Isolation, naturalness, authenticity: in this thorough study, Miller argues that these ideas, among others, were used to narrate and to set into fact a false image of the musical lives of Southerners in the US at the turn of the 20th century. Situating his work firmly within the bounds of popular music in that epoch, Miller delivers a challenging exploration of the intertwined histories of non-commercial and commercialized musical cultures, showing that “southern musicians performed a staggering variety of music in the early twentieth century” (1). With pointed questions—did “chroniclers of southern music dismiss commercial pop as immaterial to southern culture”(7); did folklorists and the academy establish a musical color line in the beginning of the 20th century; did the commercial recording industry enforce marketing techniques to control what types of music musicians played and what types audiences heard; did these pressures come together in the early 20th century to redefine musical tastes as we know and experience them today?—Miller examines the forces that influenced the identities and perceptions of these musicians and their audiences, including the politics of segregation and emerging academic folklore as well as the commercial imperatives of the music industry. Accentuating comparisons of similarity rather than difference, Miller draws on the perspectives and repertoires of working musicians, narratives of record label agents and the catalogs they represented, and the discourse of nascent folklorists. [End Page 190]

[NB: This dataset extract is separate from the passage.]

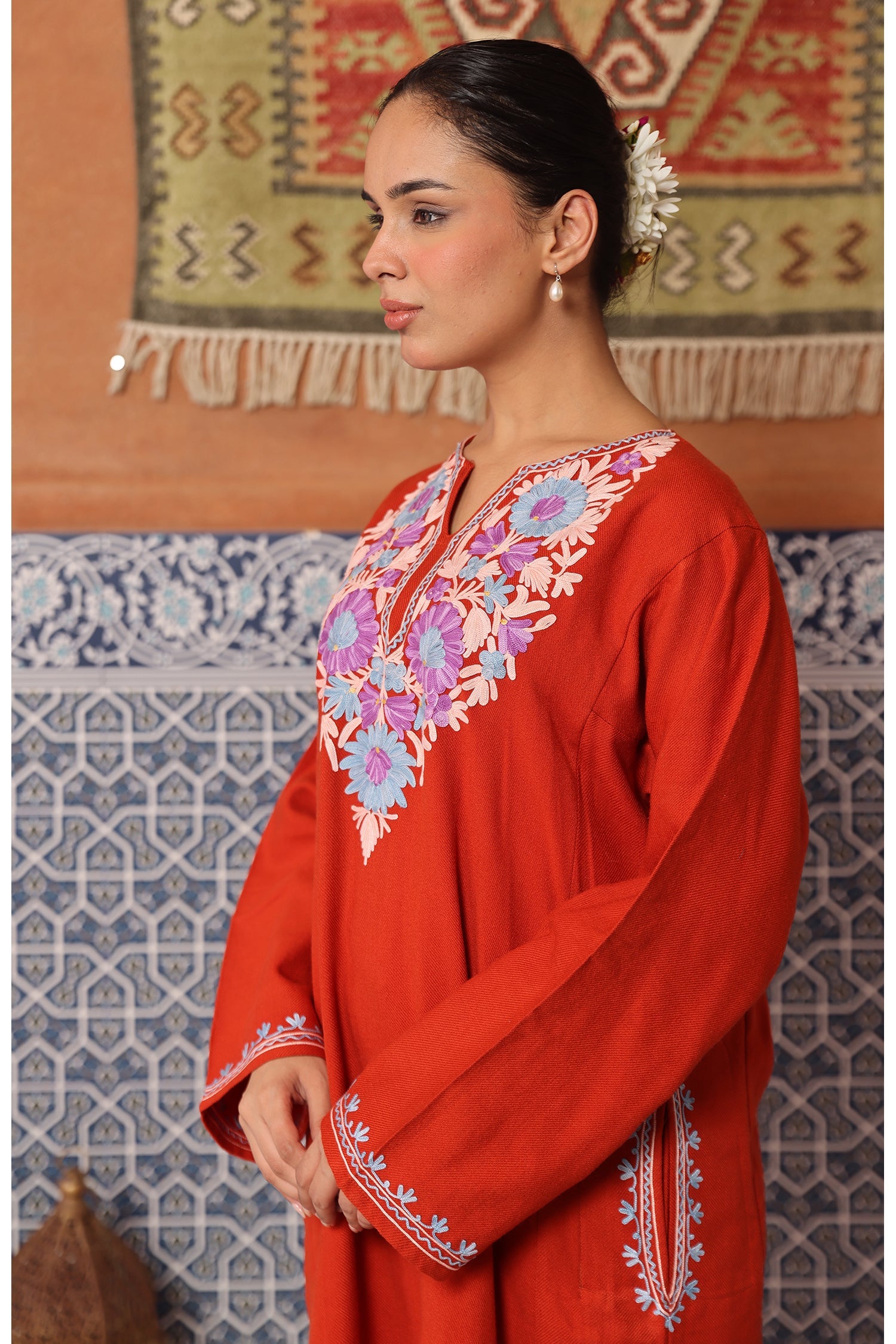 Woolen Phiran in Kashmiri Aari Embroidery - Red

Proceeding from the premise that “people’s music worlds were less defined by who they were than by what music they had the opportunity to hear” (7), Miller puts the shared music of white and black Americans at the center of this study, using as his focus the shifting struggles over drawing a color line through this shared space, even if he falls short of deconstructing the “black” and “white” classifications themselves. His early chapters explore the southern embrace of commercial music, especially Tin Pan Alley’s long reach into the South between 1890 and 1910; its relationship to touring shows, sheet music, and the sale of pianos for use in the home; and its effect on listeners, musicians, and popular culture. Miller levies critiques on the influences of the folkloric paradigm on ideas of race and music, accusing scholars and collectors of re-imagining cultures of isolation in a never-was-truly-isolated southern US. “Folk music is a framework placed on an existing, complex musical culture, a model that did little to describe the musical complexity on the ground” (8).

Later chapters illustrate Miller’s evidence and explore the rise of Race and Old Time records.

Throughout this study, borrowing from Steven Feld’s notion of listening as a “feelingful activity,” Miller complicates musical meaning, allowing multiple interpretations, multiple identities to exist in any performance, allowing individuals to embrace and use music often assumed to be outside of their core culture.

This is a provocative study, sure to incite further commentary on the topic.